Kendinize uygun birden fazla program seçin: Yapılan bazı araştırmalar, üniversite mezunlarının mezun oldukları bölüm dışında bir başka alanda iş sahibi olma oranının gittikçe büyüdüğünü gösteriyor. Bu gerçek bizim ülkemiz için de geçerli. Öğrencilerin kendilerine uygun birden fazla programı seçmesi, daha sonra o programları okumak istediği üniversiteleri de belirlemesi doğru olanı.

Rehberiniz YÖK Program Atlası olsun: Öğrencilerimizin doğru tercih yapabilmeleri için gerekli bilgilendirmeler adına daha önce hiçbir dönemde sunulmayan bilgileri YÖK Program Atlası ve YÖK Akademik ile öğrencilerimizin istifadesine, bilim hayatımızın dikkatine açtık.
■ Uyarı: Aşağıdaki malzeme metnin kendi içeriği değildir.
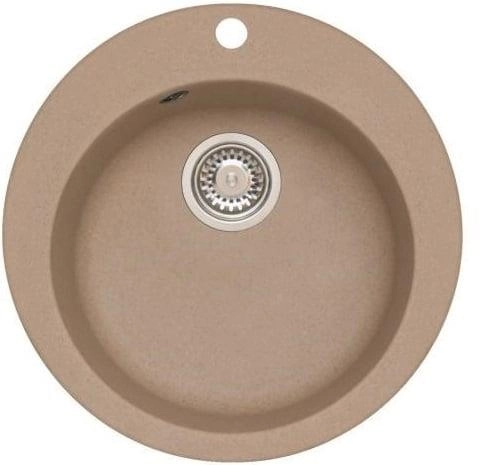 SINK KITCHEN + SIFON 9811055 SAND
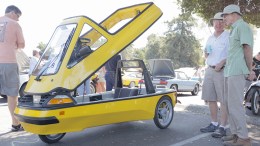 Rally: New, Old and Odd Electric Vehicles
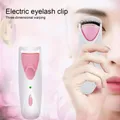 1pc Electric Eyelash Curler Lash Lift Tool Heated Eyelash Curler Persistent Curling Portable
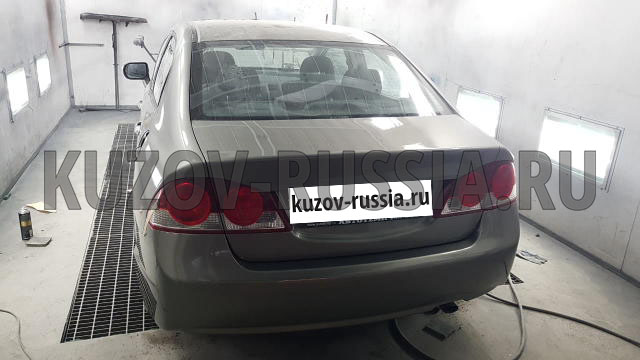 Кузовной ремонт авто Honda Civic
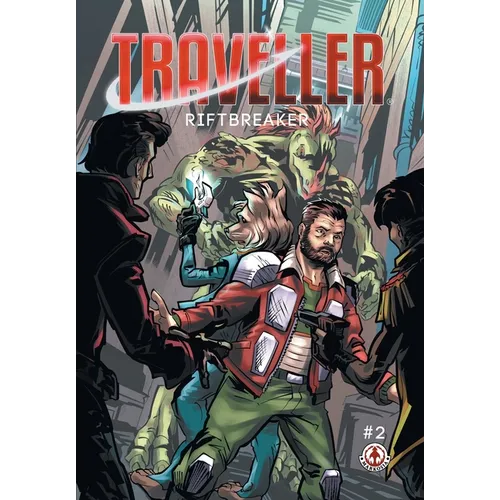 Traveller - Riftbreaker: Part 2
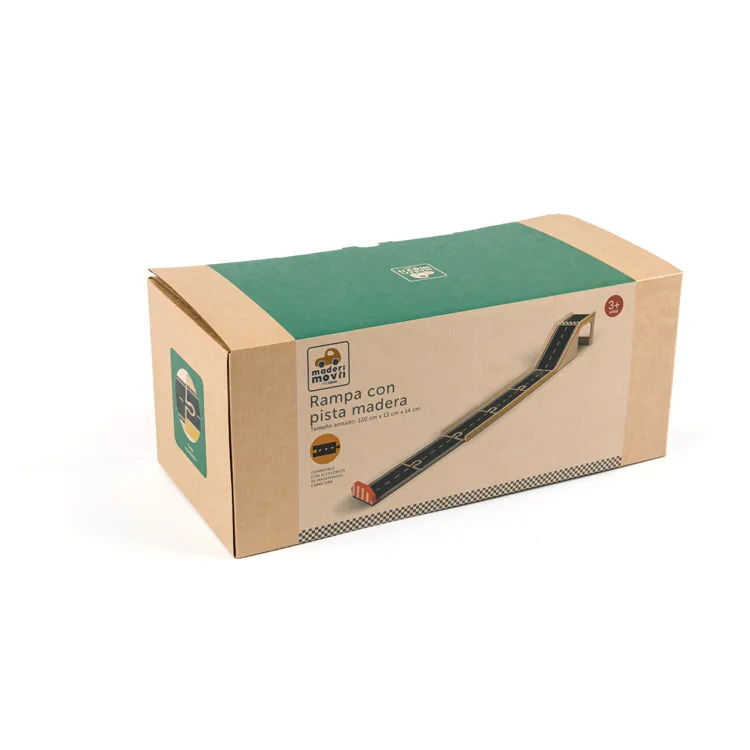 ¿Cuáles son los materiales comunes para las cajas de papel?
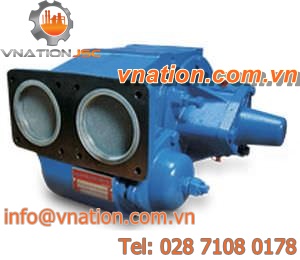 diesel pump / oil / rotary vane / for hot oil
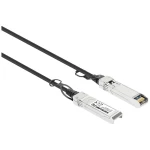 INTELLINET SFP+ 10G Pasivni DAC Twinax kabel SFP+ na SFP+ 2m HPE kompatibilan s izravnim spajanjem, bakreni AWG 30 crni Intellinet 508421 SFP+ 10G Passives DAC Twinax kabel 10 GBit/s 7 m Dodatne t...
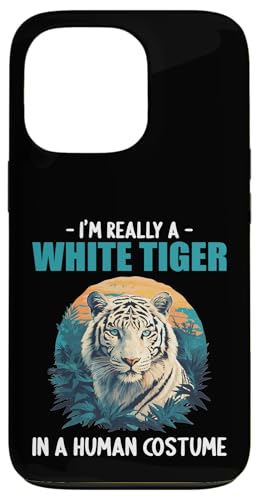 White Tiger Weiße Tiger Weißer Tiger Hülle für iPhone 13 Pro White Tiger Weiße Tiger Weißer Tiger Hülle für iPhone 13 Pro von Weiße Tiger Weißer Tiger Geschenk Shop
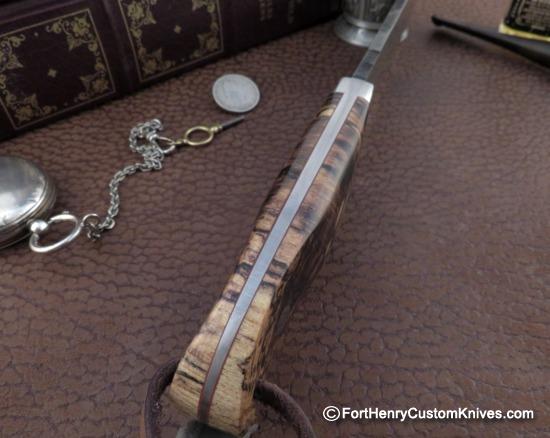 T.K. Steingass - Custom Camp Master - W2 - Spalted Maple - Image 3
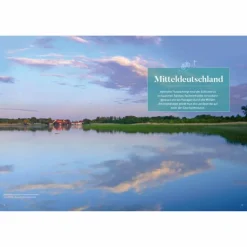 Radwanderführer Und Mountainbikeführer^DAS RADREISEBUCH DEUTSCHLAND - Radwanderführer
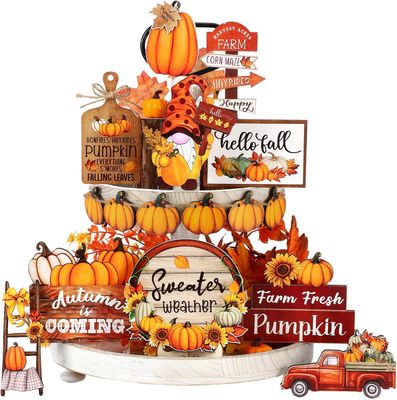 TIERED TRAY DECOR SETS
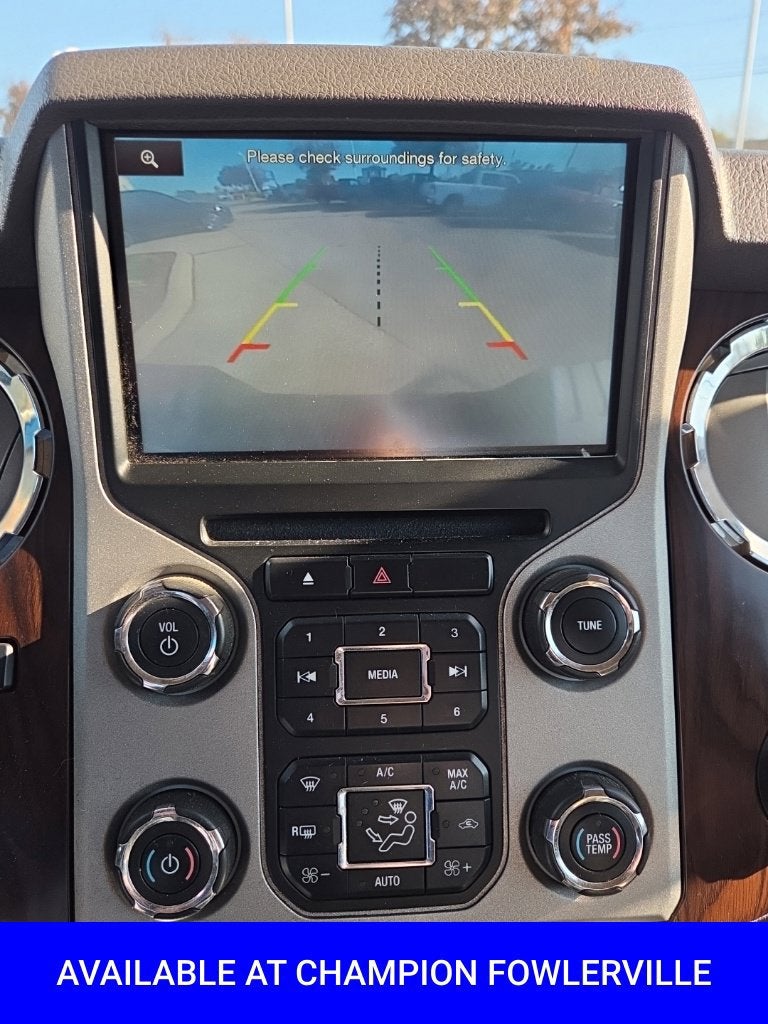 2014 Ford Super Duty F-350 SRW XLT
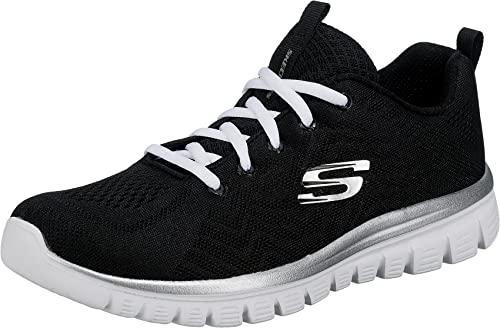 Skechers Graceful Get Connected Sneaker Donna Nera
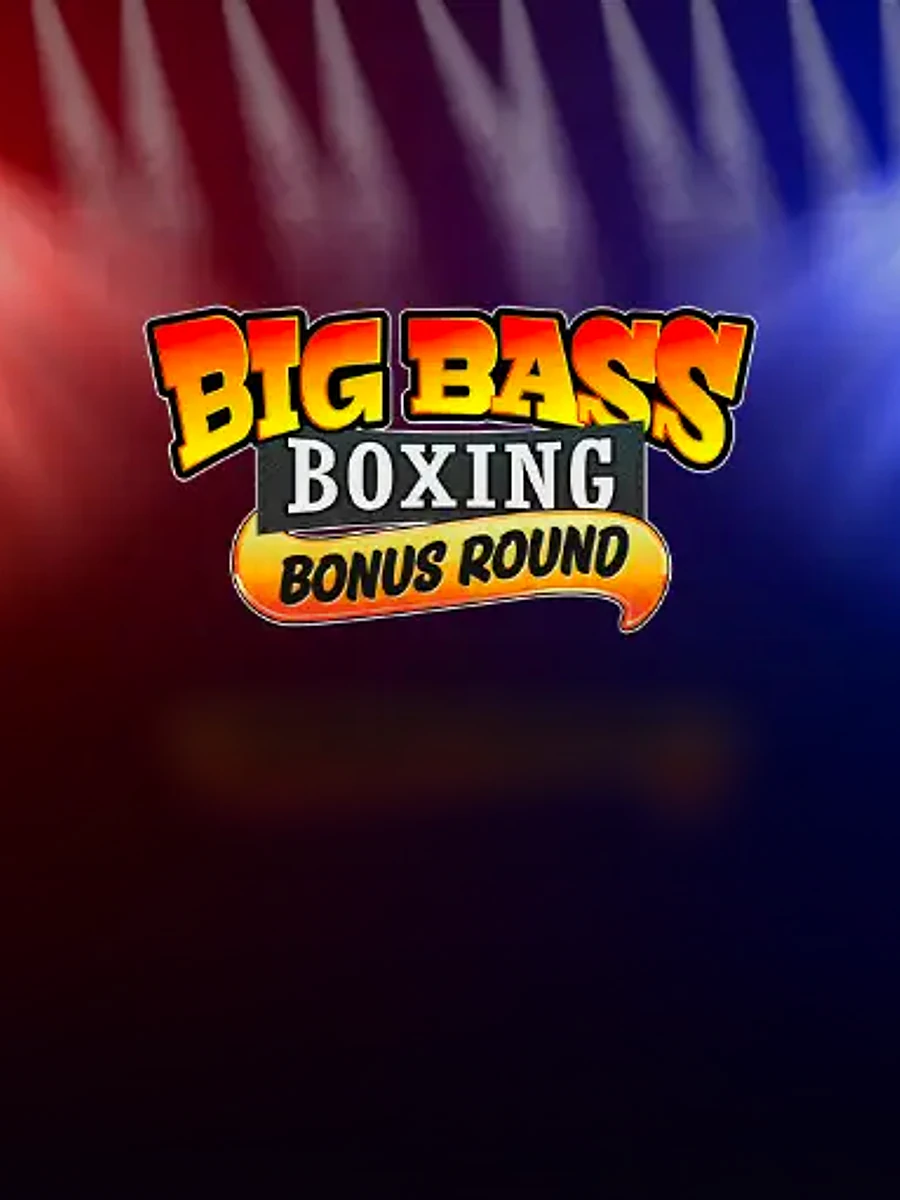 Big Bass Boxing Bonus Round slot game artwork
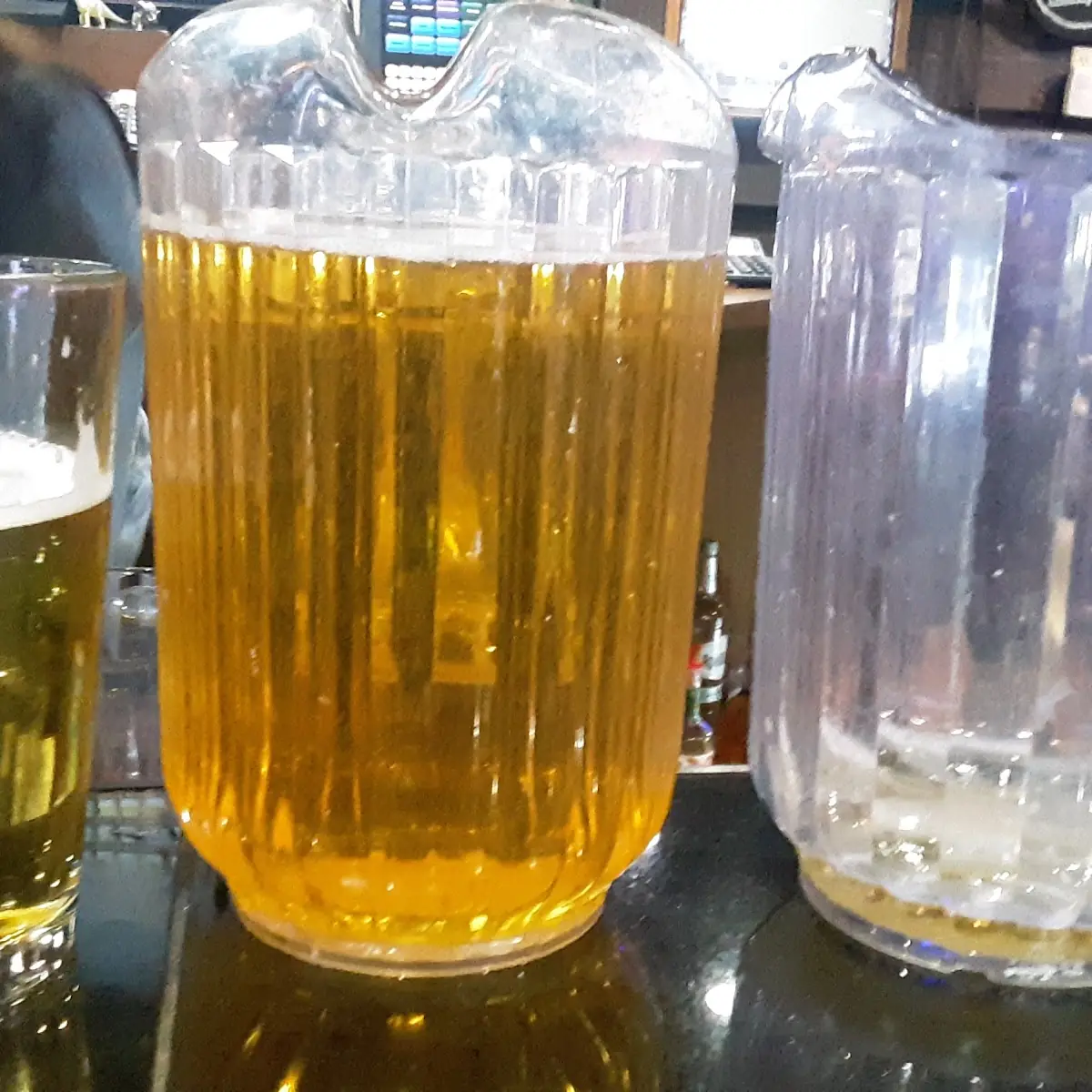 Chicken Wings and a Pitcher of Beer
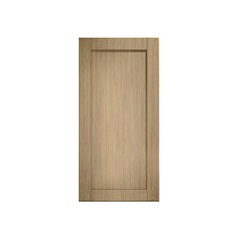 Halesworth Oak 600mm x 1220mm Appliance Door Shown Closed from the Front as a Single Door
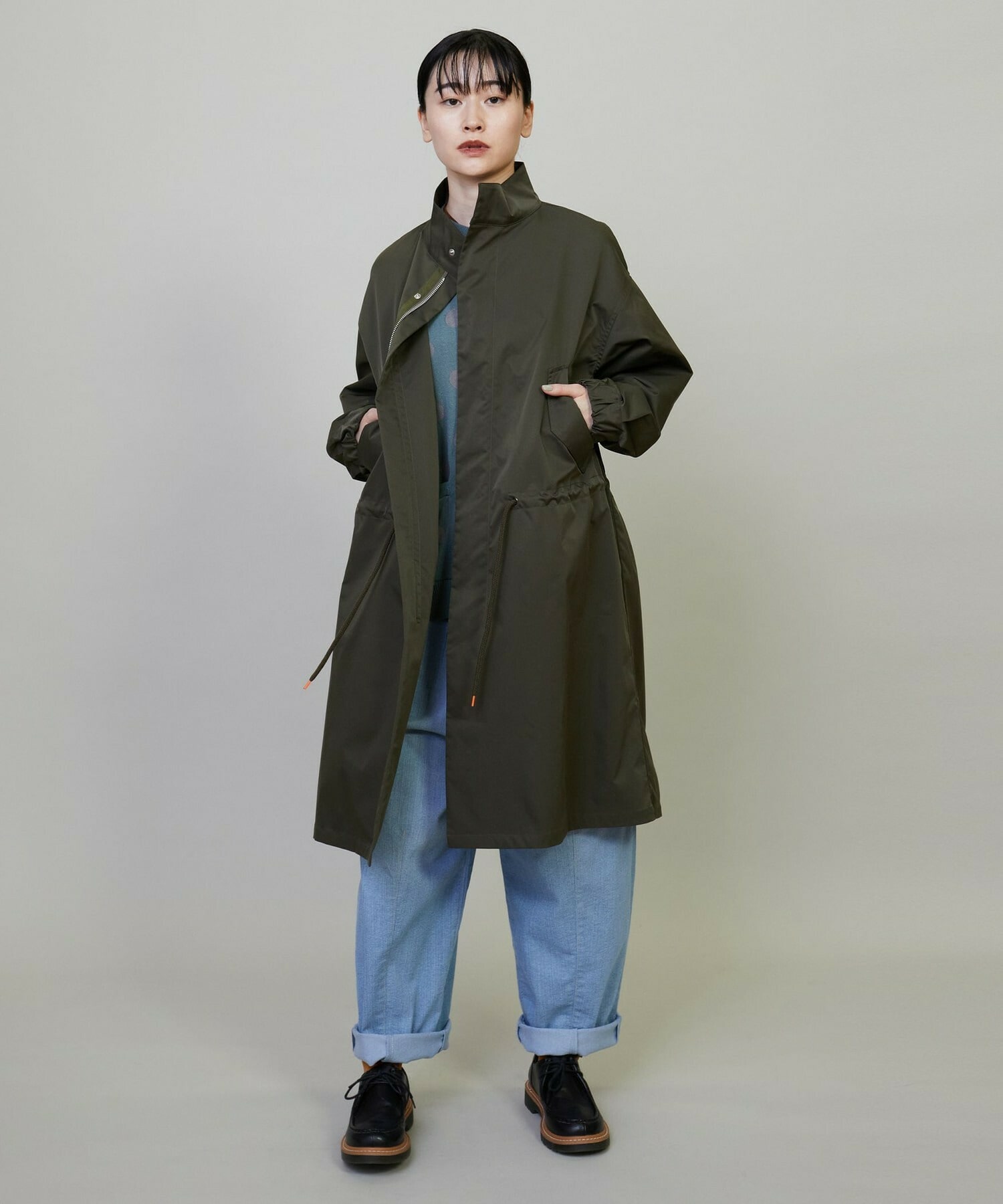 【FRAPBOIS】モーメントデニム デニムパンツ 詳細画像 サックスブルー 29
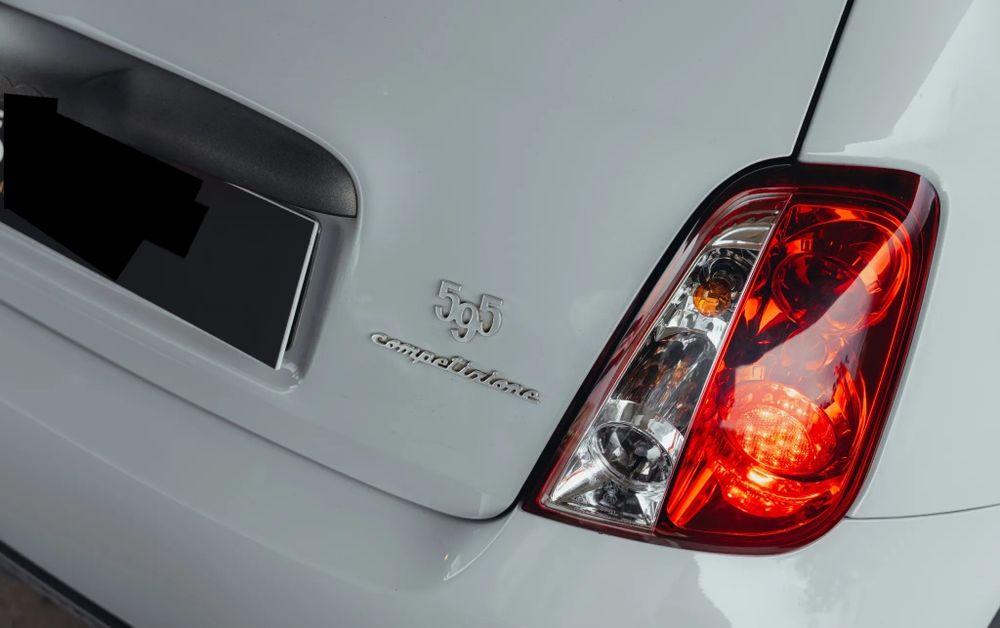 Fiat Abarth 595 Competizione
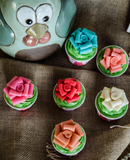 Cupcake Hoa hồng - Đám cưới/ Đám hỏi (CC08)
Bu bilgiler aslında onlara sanal bir rehber öğretmen oluyor. Bu Yeni YÖK’ün sunduğu bir imkân, bundan yararlansınlar.

Haberin Devamı

Aileler, çocuklarının isteklerini göz önüne alsın: Bu süreçte aileler de dikkatli olsun. Çocuklarını tek bir hedefe kitlemeleri yanlış. Onlara mutlaka fikir versinler; ama onların kabiliyetleri kadar isteklerini de göz önünde tutsunlar. Aileleri için o çocuklar, dünyada var oldukları için kendilerinin mutluluk kaynağıdır. Bunu onlara hissettirmeliler. Çocuklar ebeveynlerine hediye vermek için üniversite kazanmamalı. Üniversite okumak elbette önemli, ama bu önemi hak ettiğinden de fazla büyütmemeli. Onların kendileri, aileleri, toplumları, ülkeleri için yararlı olmalarının tek yolunun üniversiteden geçmediğini bilmelerini sağlamalıyız.

Mesleki eğitim de önemli: Toplumda var olan üniversite algısının, üniversiteden beklentinin de biraz değişmesi gerekiyor. Mesleki eğitime, uygulamalı eğitime daha fazla önem verilmeli. Bu yüksekokul, meslek yüksekokulu olabilir.

Diploma yanında ilave sertifikalar da alın: Gelişmiş ülkelerde akademik mahiyetteki üniversite anlayışı eskisine göre değişiyor. Diplomanın yanında ilave ehliyetler de aranıyor. Bu ehliyetler kişiyi aynı diploma sahiplerine göre daha üst pozisyonlara yükseltiyor.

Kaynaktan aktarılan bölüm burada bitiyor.